Stuck in the Dallas airport. At the bar. Everytime a flight to DC gets cancelled, I'm takin a shot. Fuck you snow.
I woke up at 3am naked and stroking a watermelon.
We're learning about the color wheel. Hello college.
Im pretty sure at one point a very high you yelled, with actual tears in your eyes, "im not wrestling with you anymore, you dont respect my safe word!!"
I told him if he cums in my mouth he has to buy me a cake that says "sorry I came in your mouth"
Something bad happened. I'm just giving you some notice. So you can smoke some pot and hide all sharp items in the house.
I'm wearing sunglasses around my house. Douchebag status. The hangover is real.
not sure when or how we ended up at this wedding party but you need to be here they are handing out screwdrivers and Yamakas to everyone and it's a got damn open bar you need to be here now
Not sure how but he broke three of his fingers while giving a blowjob. How does someone that accident prone survive to adulthood?

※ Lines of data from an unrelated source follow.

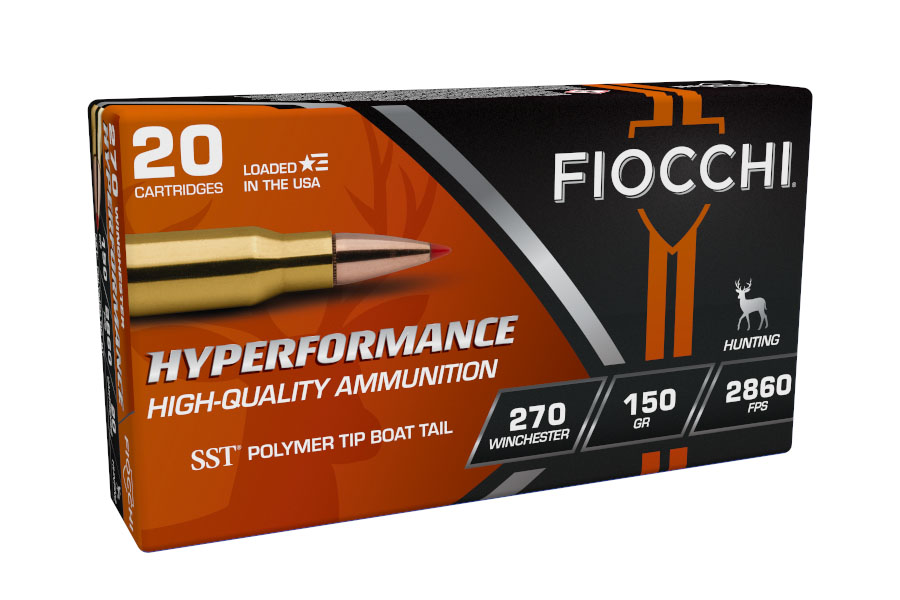 Fiocchi Extrema Rifle Line 150 gr SST Polymer Tip BT .270 Win Ammo, 20/box - 270HSB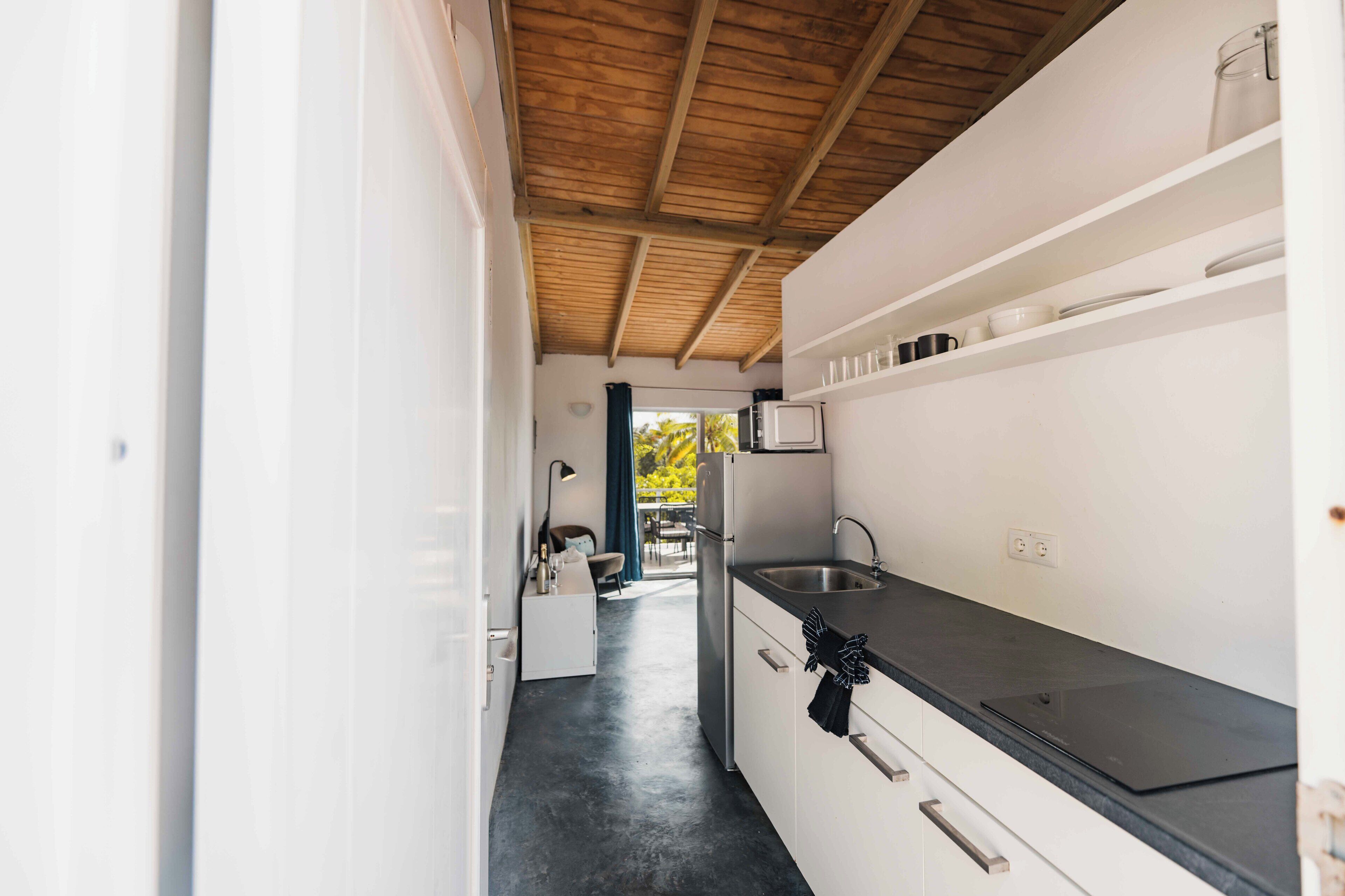 Studio Suite, 1 King Bed | Private kitchen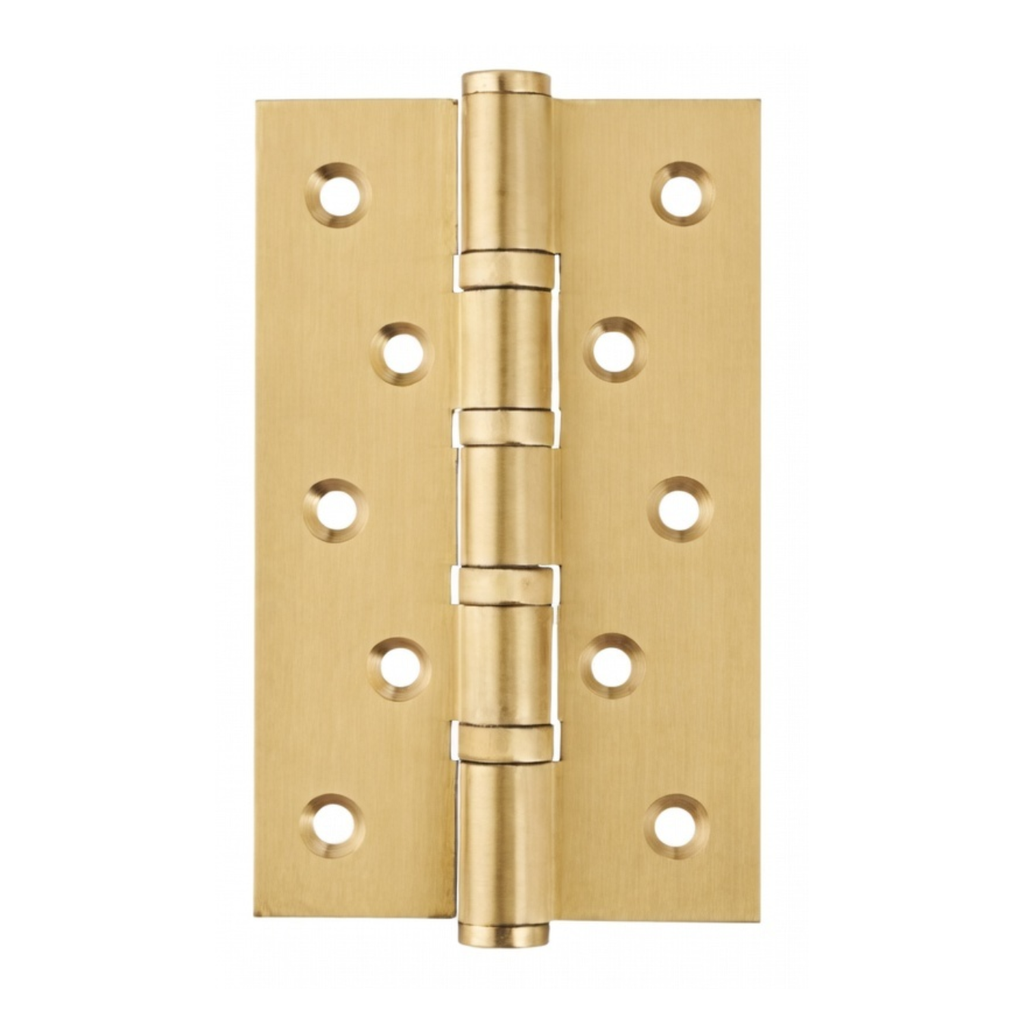 Stepped Brass Butt Hinge — 4" or 5" H × 3.03" W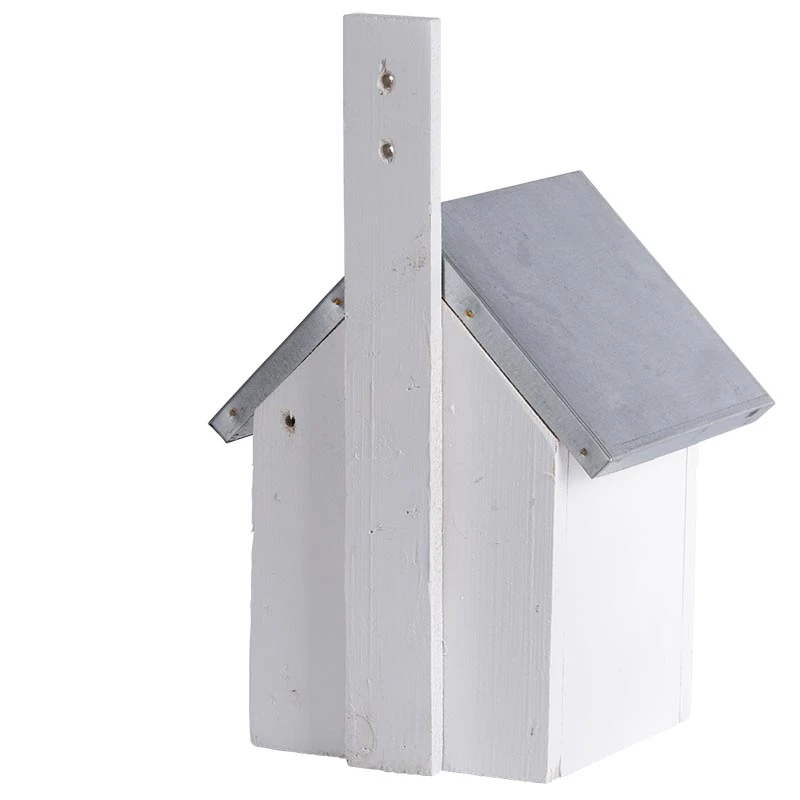 Esschert Vogelhuis Pimpelmees Wit 4 Esschert Vogelhuis Pimpelmees Wit - Afbeelding 4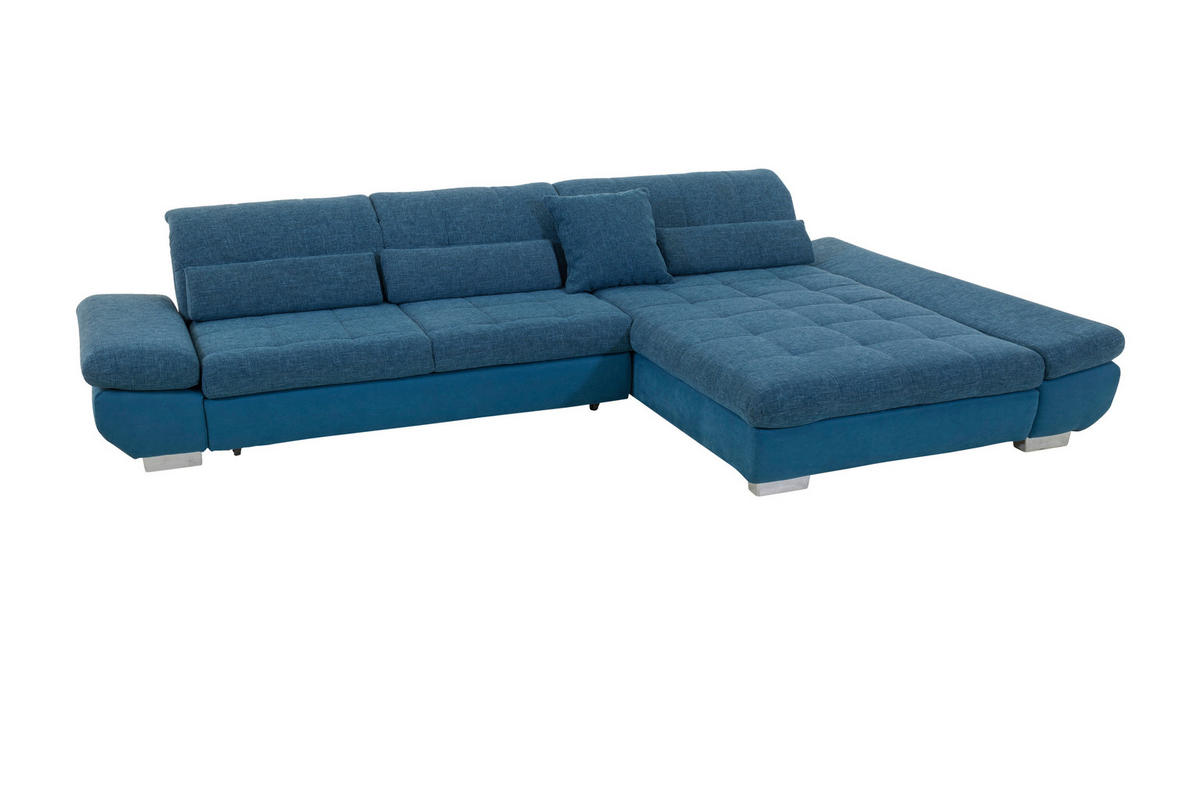 SJEDEĆA GARNITURA tekstil  tirkizna   - tirkizna/boje kroma, Design, tekstil/plastika (341/204cm) - Xora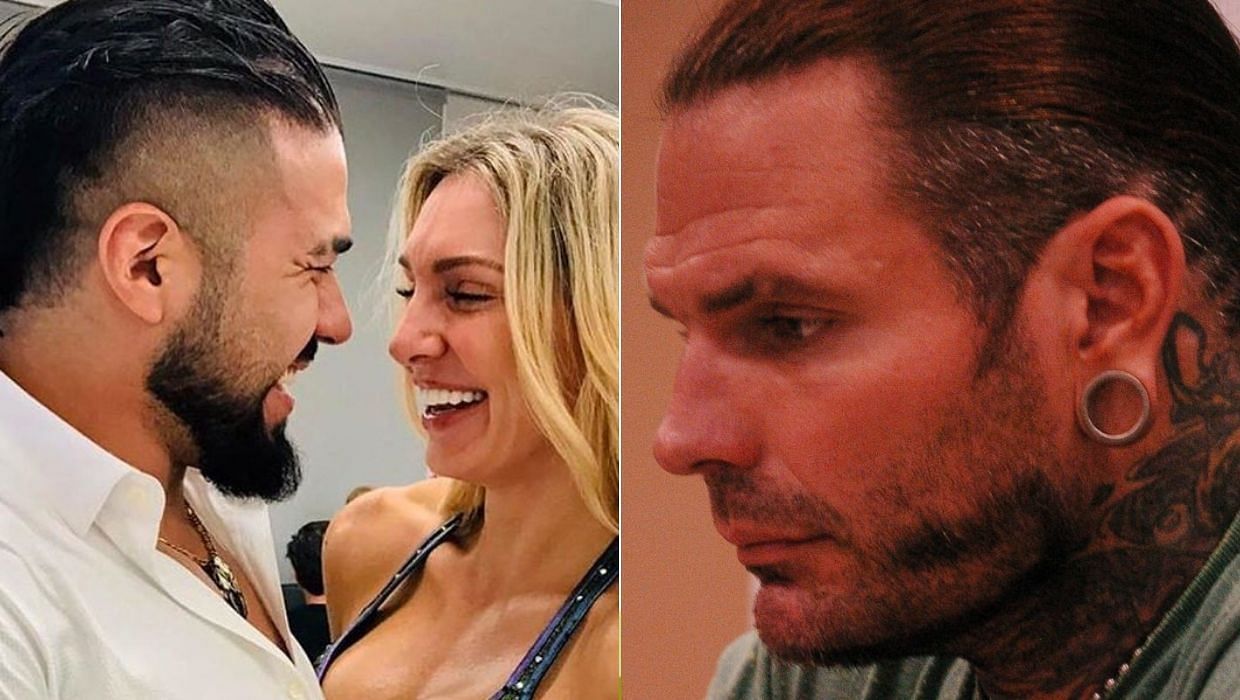 Charlotte Flair and Andrade/ Jeff Hardy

She stopped me mid sex to ask if she could finish my ramen, I've found the one.
I never thought I'd end up with a prison pen pal through tinder
Hooked up with another cop last night. Think I am renaming my vagina "dispatch"
I yelled at your uterus for you.
Turns out that fresh outta jail dick is quite something.
We live walking distance from the coors factory. no, we do not have a dry week.